Alasan Ilmiah Mengapa Kita Bisa Terjatuh Saat Mendaki Gunung
Jakarta, PANGKEP NEWS – Mendaki gunung harus dilakukan dengan persiapan yang matang. Risiko seperti terjatuh selalu mengintai para pendaki.
Baru-baru ini, seorang pendaki asal Brasil bernama Juliana Marins meninggal dunia saat mendaki Gunung Rinjani di Nusa Tenggara Barat (NTB). Kasus ini mengingatkan pendaki lainnya untuk selalu waspada.
Menurut laporan, sekitar 40 juta orang setiap tahun mengunjungi ketinggian di atas 6.500 kaki di Pegunungan Alpen. Mayoritas dari mereka datang untuk mendaki, meskipun beberapa di antaranya memiliki pengalaman dan kondisi fisik yang minim. Meskipun mendaki relatif aman, jumlah kecelakaan tetap tinggi karena tingginya jumlah pendaki.
Studi di Prancis menunjukkan hanya 4% kecelakaan pendakian di jalur yang memerlukan penyelamatan mengakibatkan kematian. Sebagai perbandingan, 15% kecelakaan hiking off-trail, 20% pendakian gunung salju, 35% olahraga air, dan 47% BASE jumping berujung fatal.

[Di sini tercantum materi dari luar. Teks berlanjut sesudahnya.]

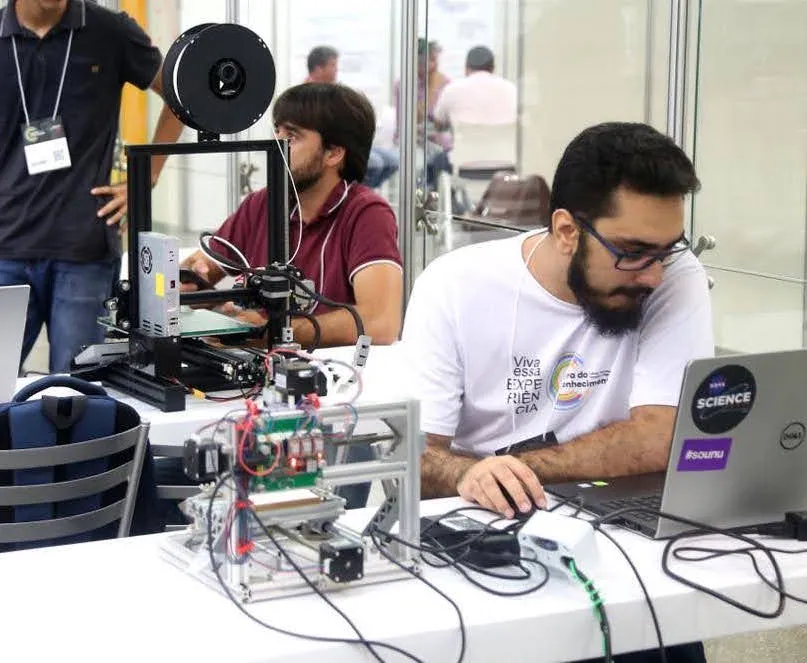 Bancada de prototipagem da INOVAeye, com impressora 3D e placas eletrônicas em evento de tecnologia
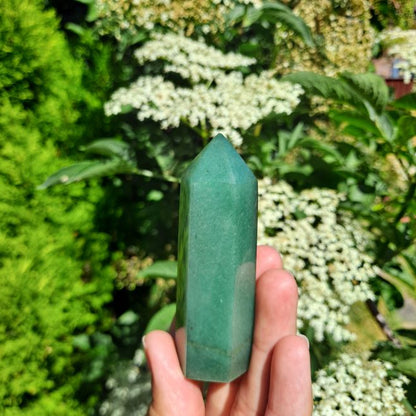 Cultivate Abundance with Green Aventurine Tower | Dumi's Crystals | This Green Aventurine Tower (7-9cm) radiates a sense of balance and prosperity. Green Aventurine is thought to attract good fortune, promote emotional healing, and foster a positive outlook.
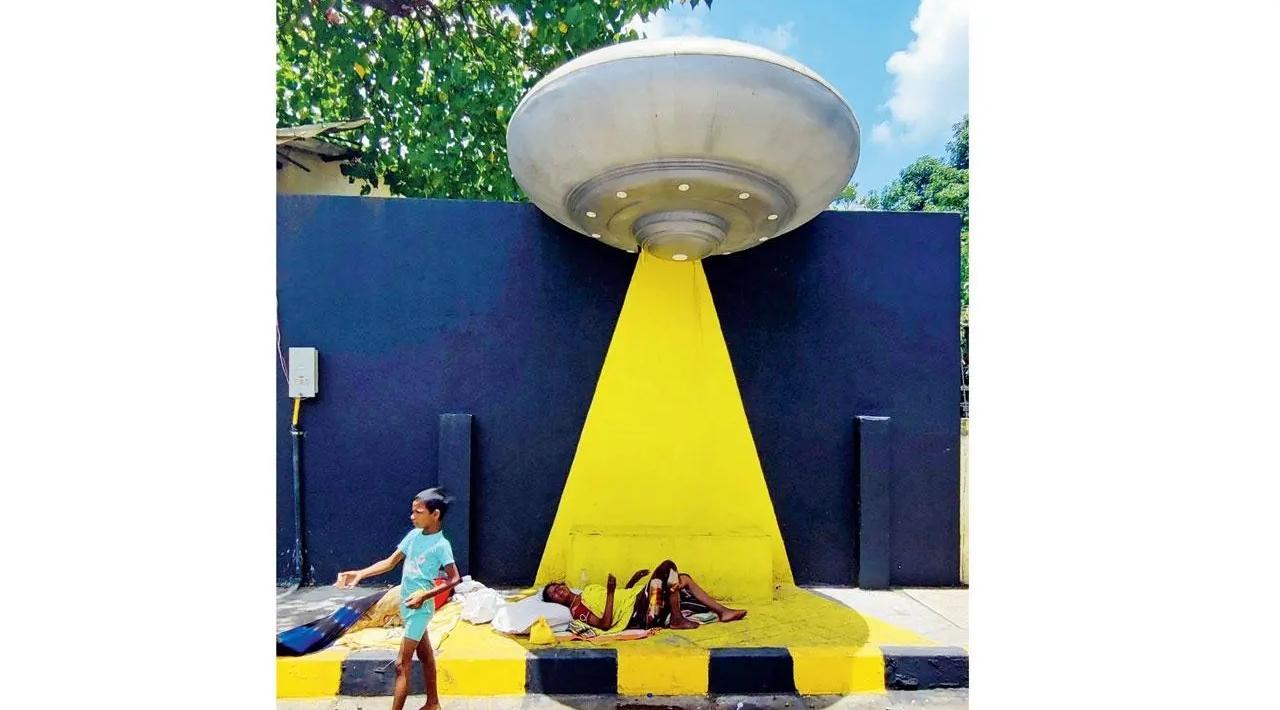 Life under the spotlight: A street-dweller rests beneath a spaceship-inspired art installation at Kalpana Chawla Chowk in Kandivali. Pic/Nimesh Dave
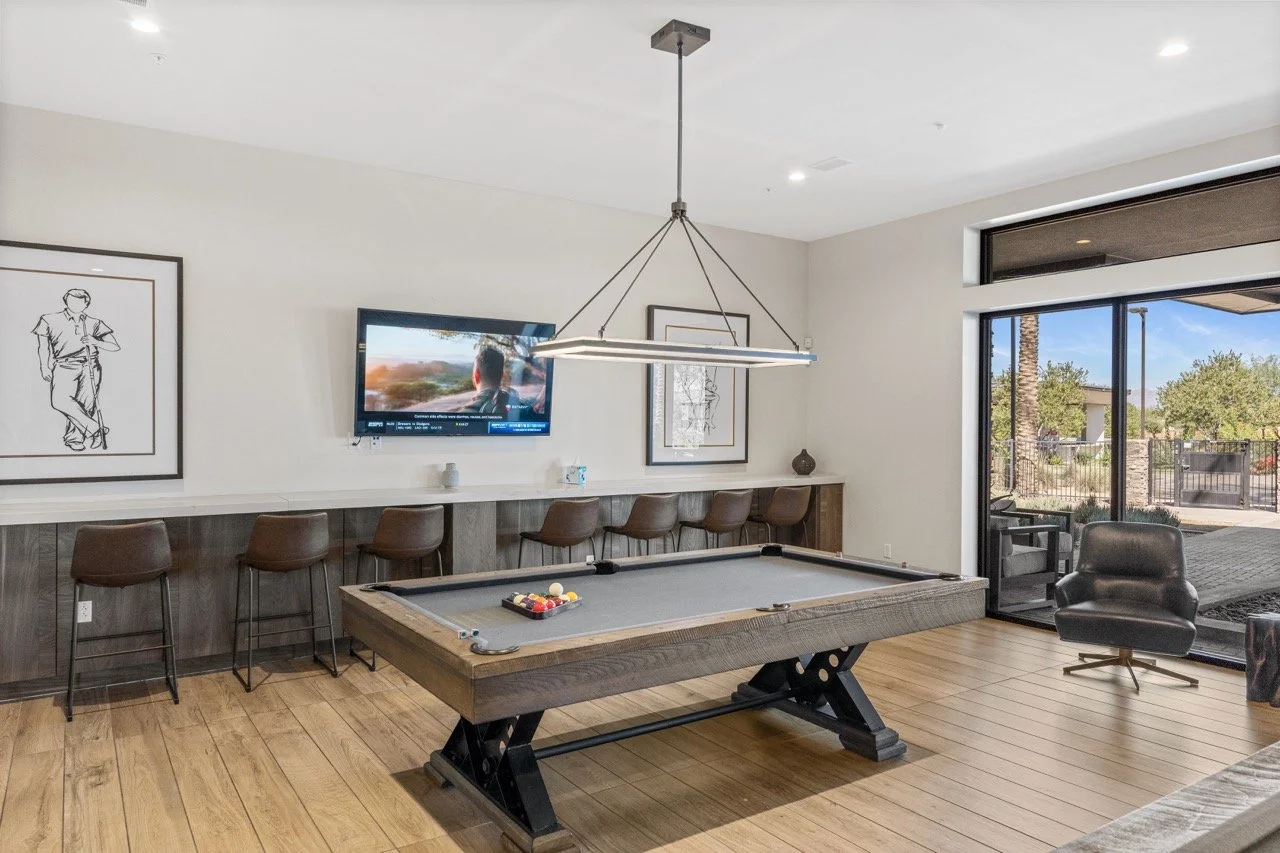 Residents enjoy the modern billiards room at Ovation at Meridian in Queen Creek, Arizona.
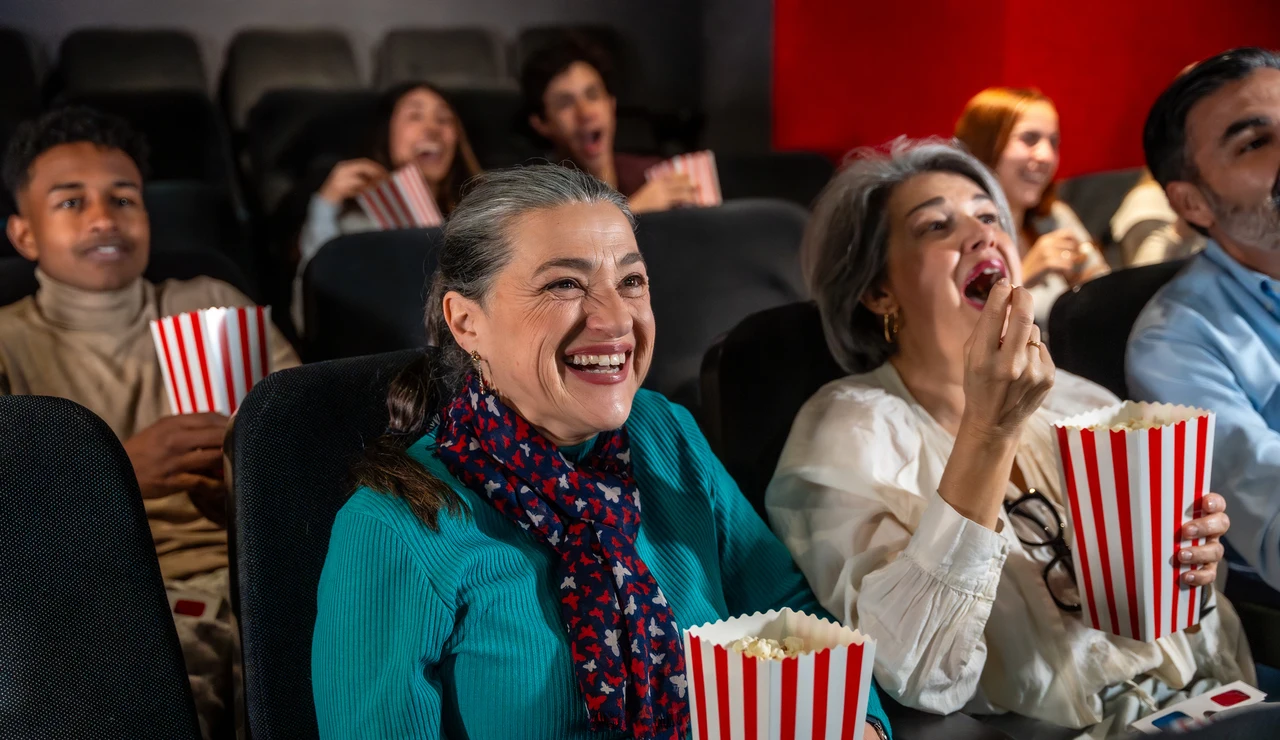 Mujer mayor disfrutando de una película en el cine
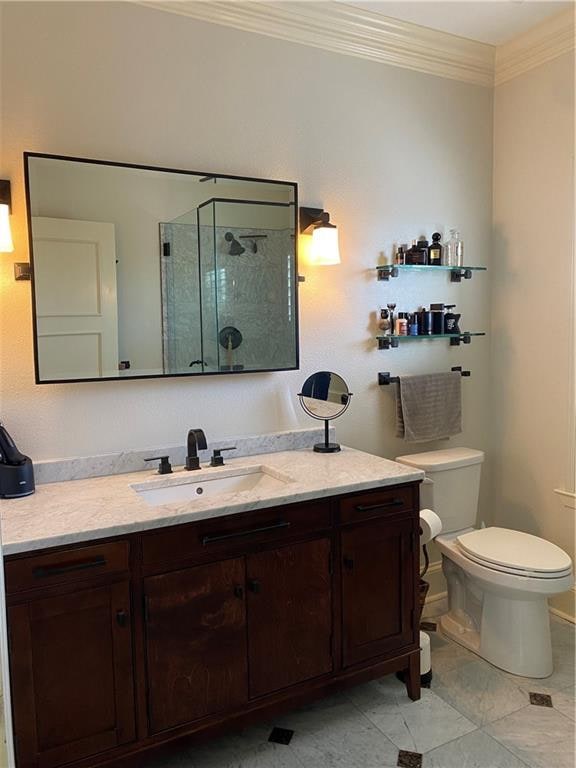 bathroom featuring an enclosed shower, tile patterned floors, toilet, vanity, and ornamental molding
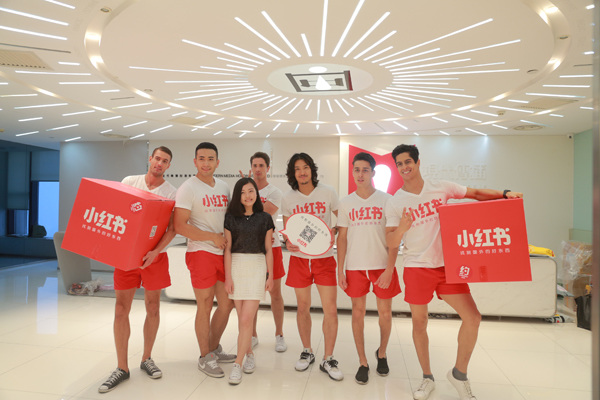 A female user of Red (Xiao Hongshu) poses with the company's staff at its anniversary celebration in Shanghai. (Photo provided to China Daily)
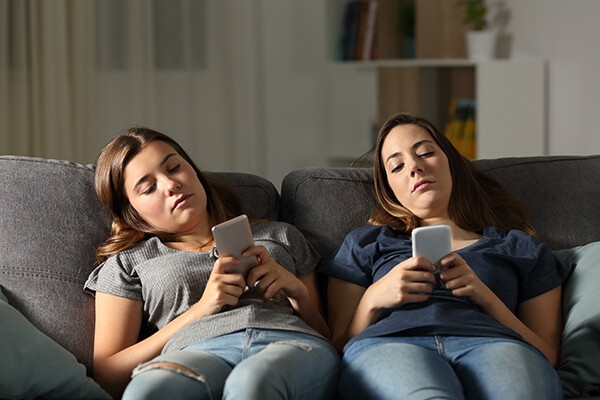 Two teens lay on couch with smartphones looking bored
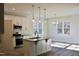 Modern eat-in kitchen features stainless steel appliances, granite countertops, and a kitchen island at 59 Mossy Bridge Ct, Lillington, NC 27546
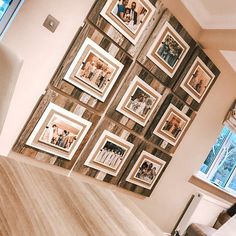 a living room filled with furniture and pictures on the wall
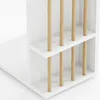 A close-up view of a white side table with wooden dowels. Náhľad obrázku produktu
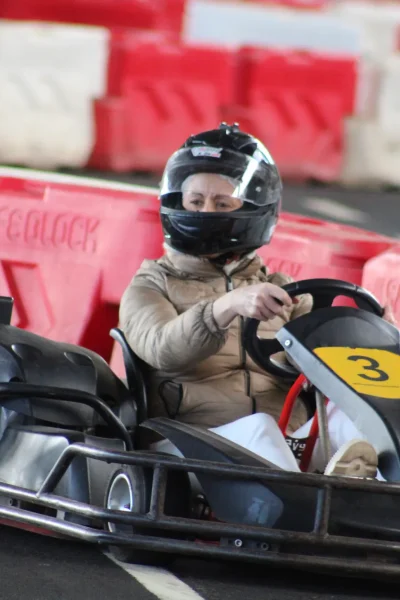 A women driving and focused on wining a karting race, under Madeira Airport, an experience by Go Kart Madeira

Menariknya, hiking menjadi penyebab utama kematian terkait olahraga di Swiss, dengan 25% dari total, dibandingkan dengan 17% untuk pendakian gunung, 8% untuk tur ski, 2,7% untuk panjat tebing, dan 1,8% untuk BASE jumping.
Risiko jatuh lebih tinggi saat menuruni bukit, dengan lebih dari 75% jatuh terjadi selama penurunan, dibandingkan dengan 20% saat pendakian dan 5% di tanah datar. Beberapa penyebabnya adalah kecepatan saat menurun, kelelahan, dan kontraksi otot yang tidak biasa.
Kecelakaan ini biasanya tidak terjadi dalam kondisi buruk. Sebagian besar, 90% terjadi saat cuaca cerah dan 81% di jalur yang telah ditandai. Namun, pria lebih sering mengalami kecelakaan fatal dibandingkan wanita.
Kasus Juliana Marins
Juliana diduga jatuh di Danau Segara Anak, tepatnya di sekitar Cemara Nunggal, pada Sabtu pagi. Insiden ini terjadi ketika Juliana hendak menuju puncak Gunung Rinjani.
Pada Senin, 23 Juni 2025, tim SAR terus melakukan evakuasi. Pada pukul 06.30 WITA, korban terlihat menggunakan drone dalam posisi terjebak di tebing setinggi ±500 meter dan tidak bergerak.
Upaya evakuasi terhalang oleh medan ekstrem dan cuaca yang berubah-ubah. Tim penyelamat akhirnya ditarik kembali untuk keselamatan.
Pada pukul 14.30 WITA, rapat evaluasi dilakukan melalui Zoom dengan Gubernur NTB Lalu Muhamad Iqbal. Gubernur berencana meminjam helikopter untuk mempercepat penyelamatan.
Kepala Basarnas Mataram menjelaskan proses evakuasi menggunakan helikopter dimungkinkan, namun perlu diperhatikan spesifikasi helikopter dan kondisi cuaca yang sering berubah.